[OSM-dev] Speeding up Osm2pgsql through parallelization?

Tue Sep 13 01:07:47 BST 2011

Hi,

I was thinking about ways to try and speed up osm2pgsql. Currently a 
good fraction of time, both in full imports and during diff-processing, 
is spent in the "going over pending ways / relations" section. Therefore 
speeding up that section should bring the overall time down quite a bit. 
One thought to try and speed up the "going over pending ways / 
relations" is to try and parallelize it.

Preliminary results indicate that indeed using multiple threads can 
potentially speed this section up substantially. (depending on the size 
of the import / db and the hardware available)

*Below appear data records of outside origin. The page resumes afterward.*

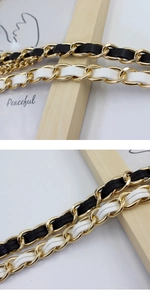 Detail of woven PU leather and gold metal chain strap for dresses and sweaters
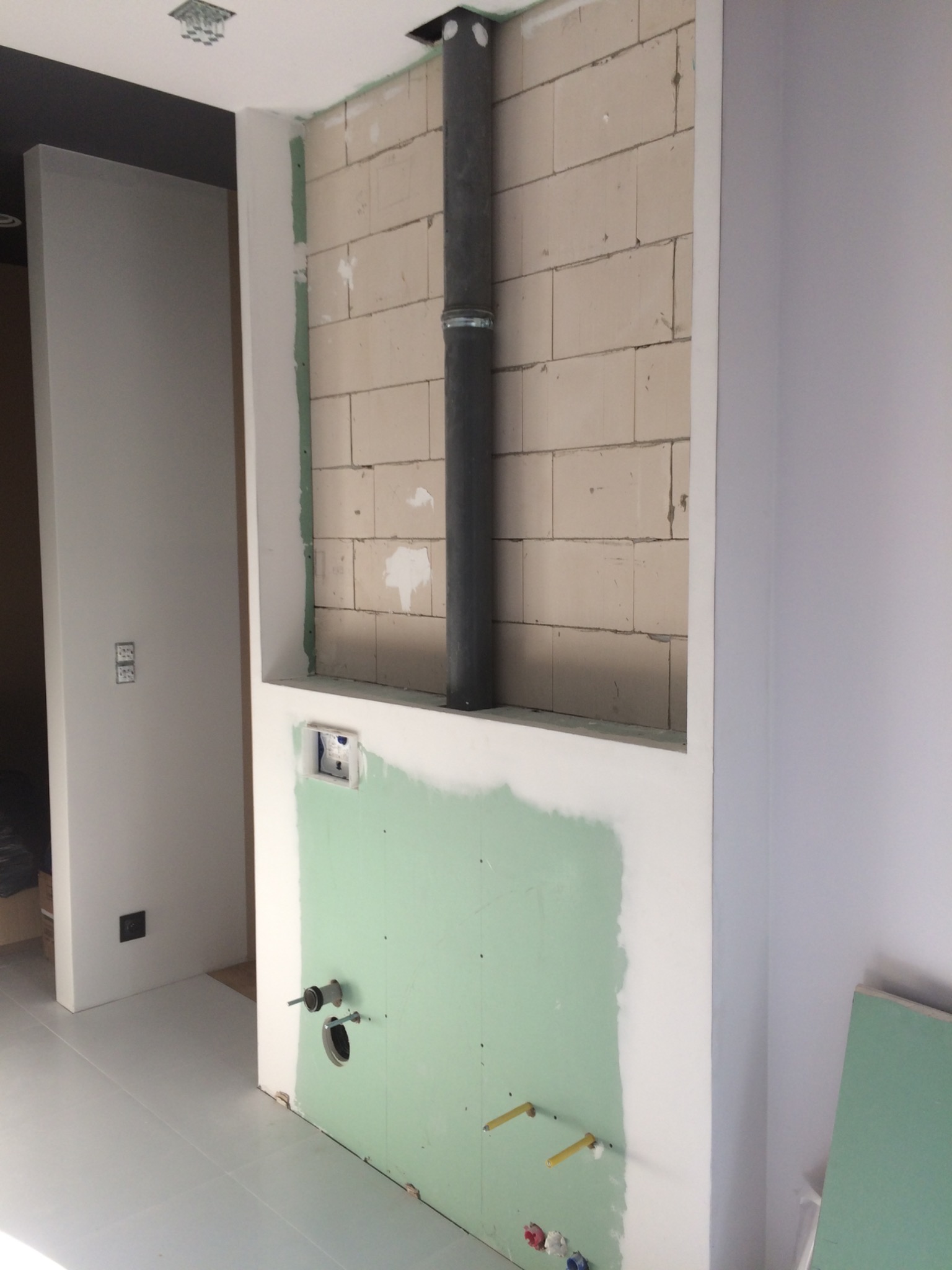 Wnęka w ścianie z surowymi blokami, pionowy przewód kominowy, instalacja wodno-kanalizacyjna w trakcie montażu, ściany częściowo pokryte zieloną płytą gipsową.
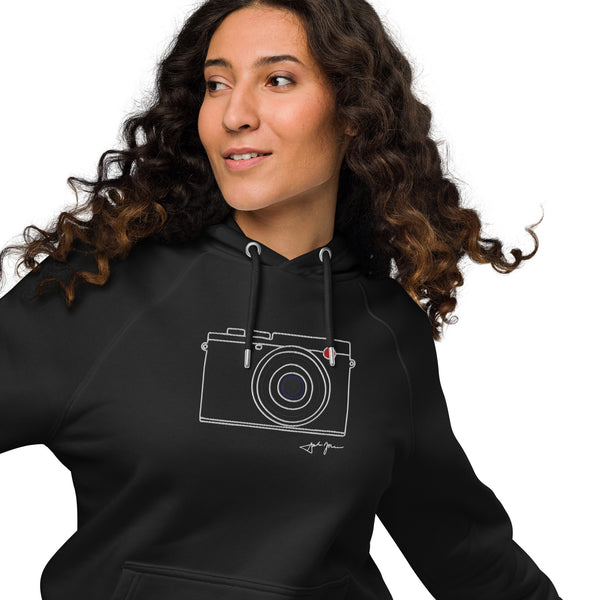 A woman with long curly hair wearing a black hoodie with a white graphic of a camera on it.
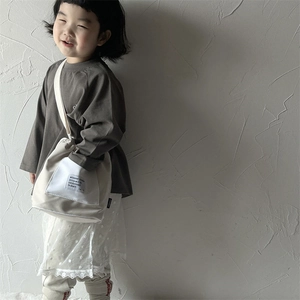 Minimalist beige canvas crossbody bag for children with white square pocket and drawstring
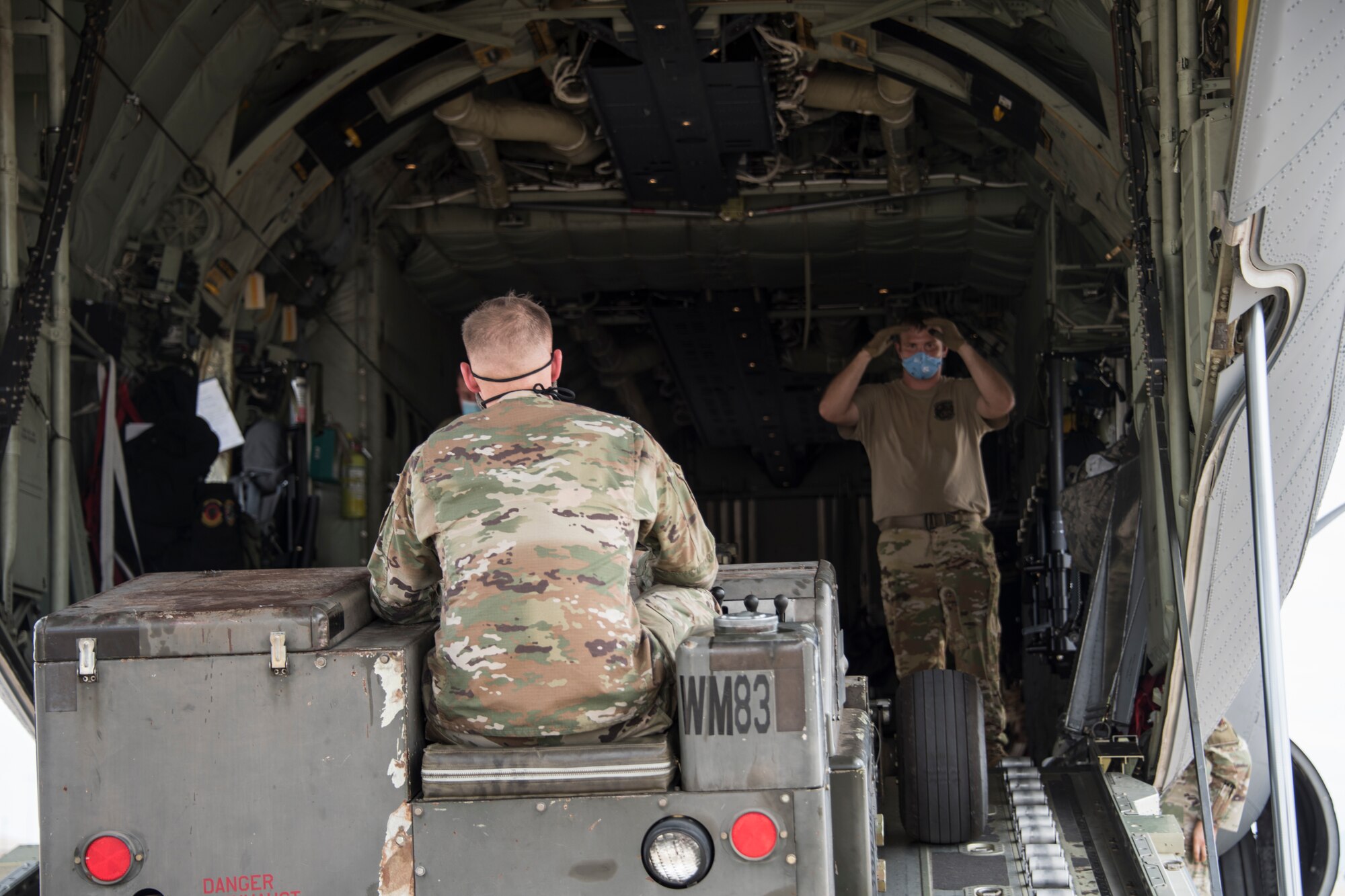 A photo of Airmen loading cargo during a training exercise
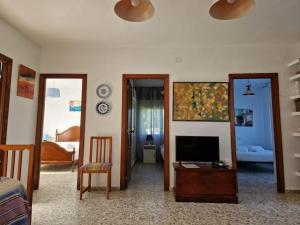 sala de estar con TV y dormitorio en Casa Suricato, en San Vicente do Mar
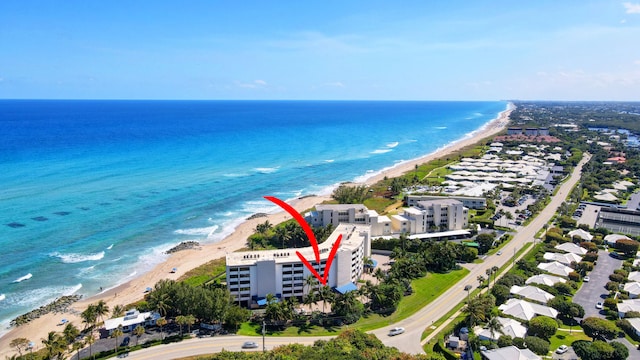 birds eye view of property with a beach view and a water view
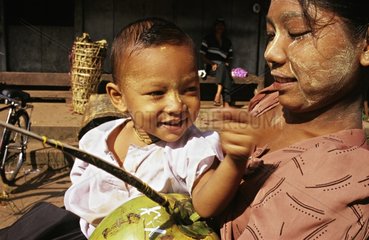 Portrait of a child in mother's arms Myanmar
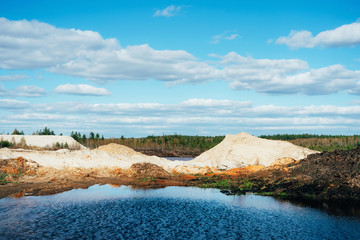 Industrial sand quarry with artificial reservoir. Sand pit. Construction industry. Sand hills agains the blue sky.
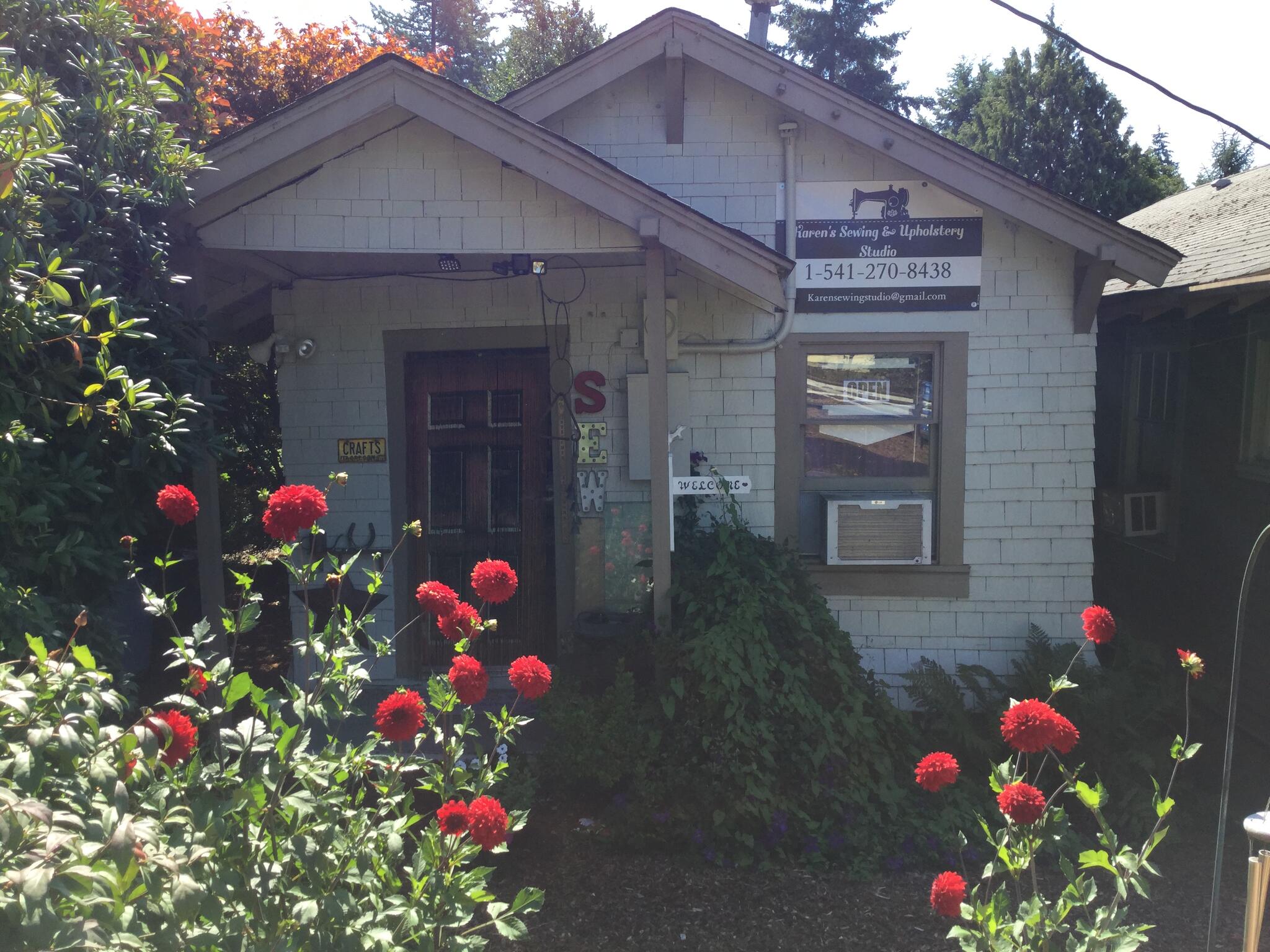 Karen’s studio photograph from its public profile, with sewing and upholstery sign and flowers outside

Currently, osm2pgsql fetches all ways / relations that are marked as 
pending in an sql query and then linearly goes through each one 
processing it. What I was thinking was to, just as before, fetch all 
pending ways, but instead of going through linearly, have multiple 
worker threads go through the list concurrently and process them in 
parallel. If there is enough ram to cache things, importing is CPU bound 
and one can get nearly linear speed up. If importing is IO bound, it 
might still speed things up, as more I/O requests can be submit in 
parallel, which may result in more throughput (at least on rotational 
disks) due to better request ordering or using more spindles in 
parrallel in case of raid.

However, on the way to parallelize this, I hit a bunch of "road blocks". 
Although in my initial patch, I hacked around them, I am not sure that 
was always valid and so before proceeding any further, I wanted to ask 
if these ideas a valid, feasible and worth proceeding further?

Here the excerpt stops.